Jakarta-Tim Advokat Front Pembela Honorer Indonesia (FPHI) Rahmatullah menuding Pemerintah pusat harus bertanggung jawab atas munculnya honorer bodong. Ini lantaran keluarnya SE MenPAN-RB No 5 Tahun 10 tentang verifikasi dan validasi honorer.

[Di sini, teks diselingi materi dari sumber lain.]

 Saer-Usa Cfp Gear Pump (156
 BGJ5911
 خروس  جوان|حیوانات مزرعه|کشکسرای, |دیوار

"Sebenarnya dasar pertama mengangkatan honorer itu di PP 48 Tahun 2005 dan PP 43 Tahun 2007. Dalam kedua PP itu jelas sekali kalau pengangkatan honorer hanya sampai 2009. Parahnya pemerintah kemudian mengeluarkan SE 10 Tahun 2010 yang menjadi dosa pemerintah pusat," ungkap Rahmatullah, Tim advokat FPHI, di Media Center Kementerian Pendayagunaan Aparatur Negara dan Reformasi Birokrasi (KemenPAN-RB), Jakarta, Senin (26/1).

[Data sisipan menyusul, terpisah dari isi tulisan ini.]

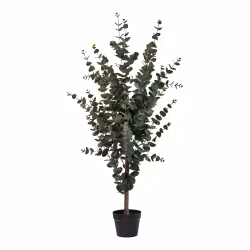 Eucalyptus Tree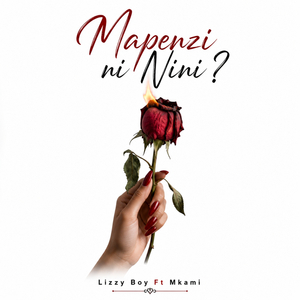 Mapenzi Ni Nini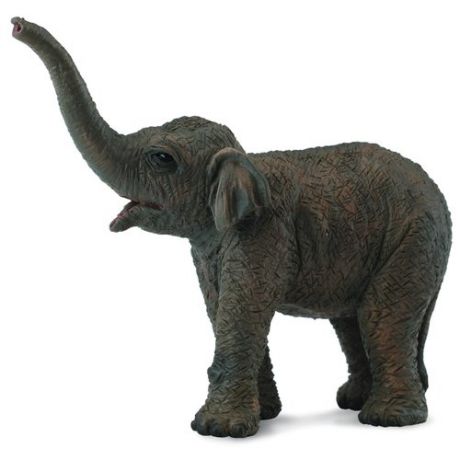 Collecta Азиатский слонёнок 88487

Dikatakan, kebijakan pusat itulah yang kemudian memunculkan honorer kategori satu atau K1 dan kategori dua atau K2. Selain itu muncul juga honorer bodong yang jumlahnya sangat fantastis.
"Bisa saja pemerintah mengeluarkan SE tapi harus disiapkan dulu perangkatnya. Ini pengawasannya kurang, maka daerah semaunya mengajukan nama-nama honorer gadungan," sergahnya.
Dia menambahkan, pemerintah semestinya hanya meminta data honorer saja, tidak perlu menyebutkan maksud dan tujuan untuk mengangkat honorer menjadi Calon Pegawai Negeri Sipil (CPNS). Kalau pemerintah ingin mengangkat, seharusnya diambil sistem sesuai "nomor urut kacang". Artinya, data masa kerja honorer menjadi rujukan pemerintah untuk pengangkatan mereka menjadi CPNS.